Many generals have profited handsomely from drug trafficking and corruption under the regime. 

If Ms Rodríguez offers a chance to trouser more cash, or at least keep the loot they already have, they may fall into line. 

So far, the army top brass have said little publicly.

However, there is a risk that the army splits. 

Some factions may back Ms Rodríguez; others may want power for themselves or Mr Padrino; a few, perhaps joining with dissident soldiers who have already fled to neighbouring countries, could push for Ms Machado’s return. 

A splintered army would add to the dangerous mix of armed men in Venezuela and could destabilise the regime. 

The morning after the Americans swept in, some colectivos, pro-regime armed gangs, were seen patrolling the streets of Caracas. 

The National Liberation Army, a Colombian rebel group, and drug gangs such as Tren de Aragua also operate in Venezuela. 

Mr Trump appears to believe the threat of further strikes can keep all these various actors in check. 

But if conflict breaks out it could require American soldiers on Venezuelan soil to restore order. 

Mr Trump said he was “not afraid” to commit troops.

Ms Machado finds herself sidelined at the very moment that her dream of a Venezuela without Mr Maduro is realised. 

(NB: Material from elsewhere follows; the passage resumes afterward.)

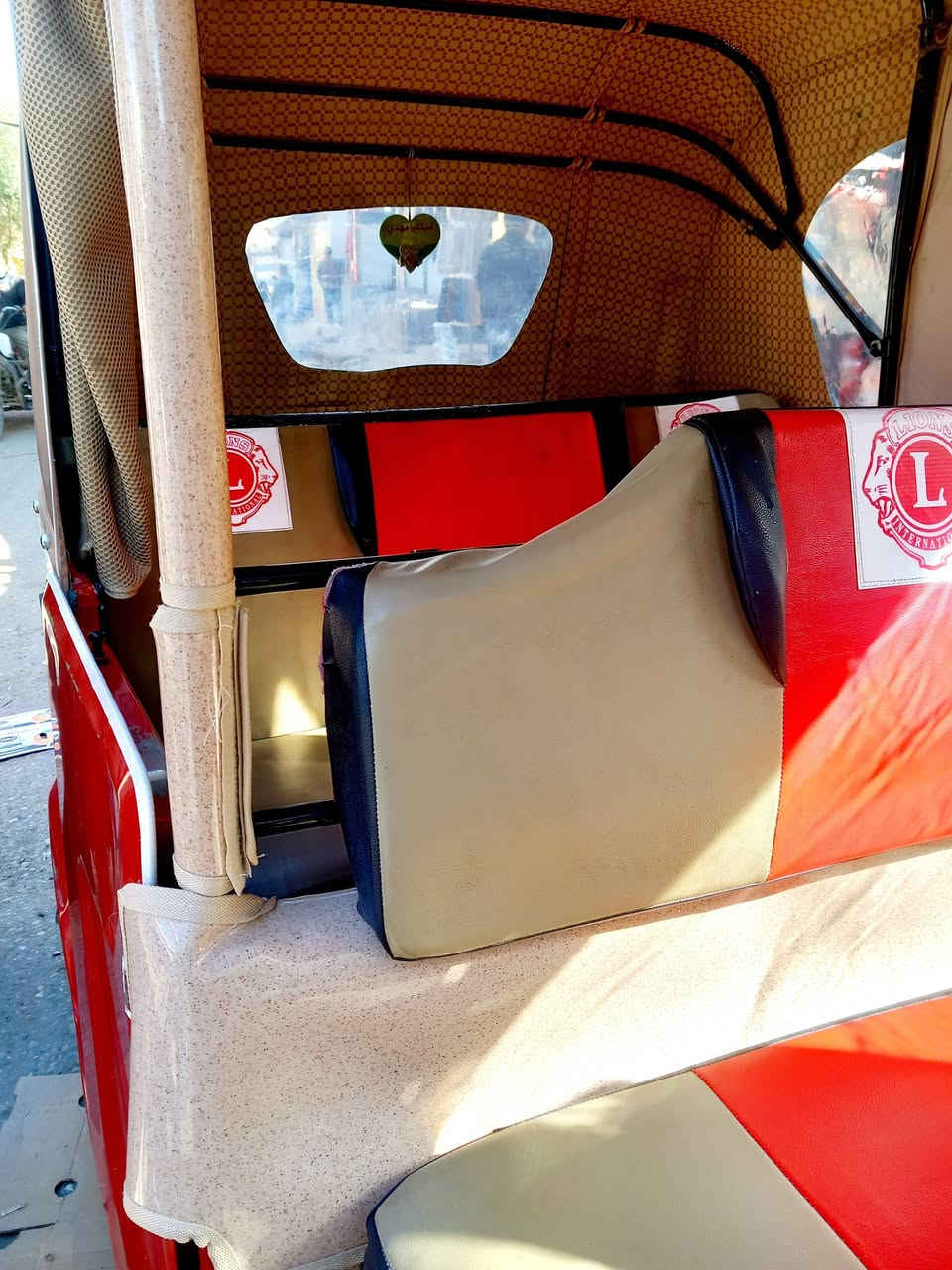 السلام عليكم تكتك مديل ٢٢ كفاله عامه
ناصريه مركز. ***********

She will surely lobby the Trump administration to change tack, though months of sweet-talking Mr Trump have got her nowhere so far. 

Failing that, perhaps she will try to encourage demonstrations in Venezuela in favour of a rapid transition.

But organising a popular uprising would be hard. 

The country is weary after decades of oppression and collapsing incomes.

Some 8m people have emigrated since 2015, leaving relatively few of protesting age. 

Repression after the election theft in 2024, when Mr Maduro boasted that he had imprisoned thousands, has left most too scared to make their unhappiness heard. 

After the American raids, Venezuelans were more focused on surviving than demonstrating.

The regime has its existential challenges too. 

Venezuela’s allies have offered little support. 

Cuban intelligence officers, who have long worked to protect Mr Maduro and purge the army of dissidents, failed to protect their client. 

Officials in Havana, which relies on Venezuelan oil, will now probably back whichever regime figure replaces him. 

But Cuba is a dramatically weakened ally, now confronting its own struggle for survival. 

Mr Trump is promising to cut off its oil supply and is threatening direct action against the island itself. 

Relations with Ms Rodríguez seem fractious. 

“She is irritated by the Cubans,” says one Western diplomat in Caracas, who suggested that the Cuban authorities were ungrateful for all the cheap oil. 

China, the main buyer of Venezuelan oil, and Russia, which has repeatedly supplied weaponry, have long helped Mr Maduro. 

Both strongly condemned the raid but said nothing to suggest any imminent practical support.

Mr Maduro never had many friends in the region. 

The leftist leaders of Brazil, Colombia and Mexico tended to indulge him most. 

Those ties now look weak, too. 

All three governments reacted with indignation to the American attack, and condemned the violation of sovereignty. 

But none is likely to support any resistance against the United States. 

Instead their interest is narrower: they worry about chaos and Venezuelan refugees spilling across the region. 

Mexico and Colombia also fear American attacks on their own territory. 

At his press conference Mr Trump threatened Mexico and told President Gustavo Petro of Colombia to “watch his ass”.

With few foreign backers, uncertain support from the army and facing threats from Mr Trump, Ms Rodríguez may well have chosen, or will soon choose, to strike a deal. 

The regime she works for is curiously enduring and adaptable. 

It survived the death of Hugo Chávez, its original leader. 

Now a pact with its supposed enemy could give it another chance to survive.